▸ Requirement
For every line in the entries that contains "Women", show the whole line.

---

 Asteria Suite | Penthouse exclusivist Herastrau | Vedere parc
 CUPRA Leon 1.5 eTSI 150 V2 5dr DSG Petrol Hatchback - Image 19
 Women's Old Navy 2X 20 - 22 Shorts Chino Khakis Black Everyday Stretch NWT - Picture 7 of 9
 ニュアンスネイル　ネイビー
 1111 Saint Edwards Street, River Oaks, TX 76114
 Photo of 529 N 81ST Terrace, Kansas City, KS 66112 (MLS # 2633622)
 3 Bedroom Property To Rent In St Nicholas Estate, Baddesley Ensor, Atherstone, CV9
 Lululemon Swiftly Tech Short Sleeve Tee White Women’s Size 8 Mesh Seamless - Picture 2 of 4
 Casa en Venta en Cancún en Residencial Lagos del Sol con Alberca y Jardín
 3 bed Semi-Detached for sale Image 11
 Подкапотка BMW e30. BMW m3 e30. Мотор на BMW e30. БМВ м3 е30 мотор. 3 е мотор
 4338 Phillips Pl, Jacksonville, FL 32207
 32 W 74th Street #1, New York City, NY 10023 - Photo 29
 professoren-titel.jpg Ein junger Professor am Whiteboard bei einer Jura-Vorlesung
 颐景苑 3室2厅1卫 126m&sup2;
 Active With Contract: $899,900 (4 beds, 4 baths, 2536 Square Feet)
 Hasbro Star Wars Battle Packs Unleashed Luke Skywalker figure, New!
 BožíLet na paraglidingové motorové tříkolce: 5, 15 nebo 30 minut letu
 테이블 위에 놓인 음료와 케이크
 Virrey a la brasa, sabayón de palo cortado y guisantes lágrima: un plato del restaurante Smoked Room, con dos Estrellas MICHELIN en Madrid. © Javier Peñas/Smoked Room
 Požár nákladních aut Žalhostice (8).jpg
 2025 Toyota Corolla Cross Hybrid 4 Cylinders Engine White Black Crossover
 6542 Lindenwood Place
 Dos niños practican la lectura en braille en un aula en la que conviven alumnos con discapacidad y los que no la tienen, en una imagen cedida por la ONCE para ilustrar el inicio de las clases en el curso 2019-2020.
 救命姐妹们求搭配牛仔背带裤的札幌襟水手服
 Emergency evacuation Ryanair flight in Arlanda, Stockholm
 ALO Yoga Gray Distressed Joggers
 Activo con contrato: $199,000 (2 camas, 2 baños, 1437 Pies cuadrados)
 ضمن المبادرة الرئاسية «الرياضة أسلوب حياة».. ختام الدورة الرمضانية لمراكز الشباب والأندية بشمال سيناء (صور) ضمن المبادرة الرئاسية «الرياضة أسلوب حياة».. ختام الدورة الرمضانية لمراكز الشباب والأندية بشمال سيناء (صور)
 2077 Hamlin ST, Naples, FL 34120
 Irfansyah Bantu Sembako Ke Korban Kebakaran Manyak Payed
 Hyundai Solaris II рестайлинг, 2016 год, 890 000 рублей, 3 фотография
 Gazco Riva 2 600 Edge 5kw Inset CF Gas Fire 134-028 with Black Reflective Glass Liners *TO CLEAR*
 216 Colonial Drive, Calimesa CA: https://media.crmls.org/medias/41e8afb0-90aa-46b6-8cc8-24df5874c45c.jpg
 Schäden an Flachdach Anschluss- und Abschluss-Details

---

▸ Answer
 Women's Old Navy 2X 20 - 22 Shorts Chino Khakis Black Everyday Stretch NWT - Picture 7 of 9
 Lululemon Swiftly Tech Short Sleeve Tee White Women’s Size 8 Mesh Seamless - Picture 2 of 4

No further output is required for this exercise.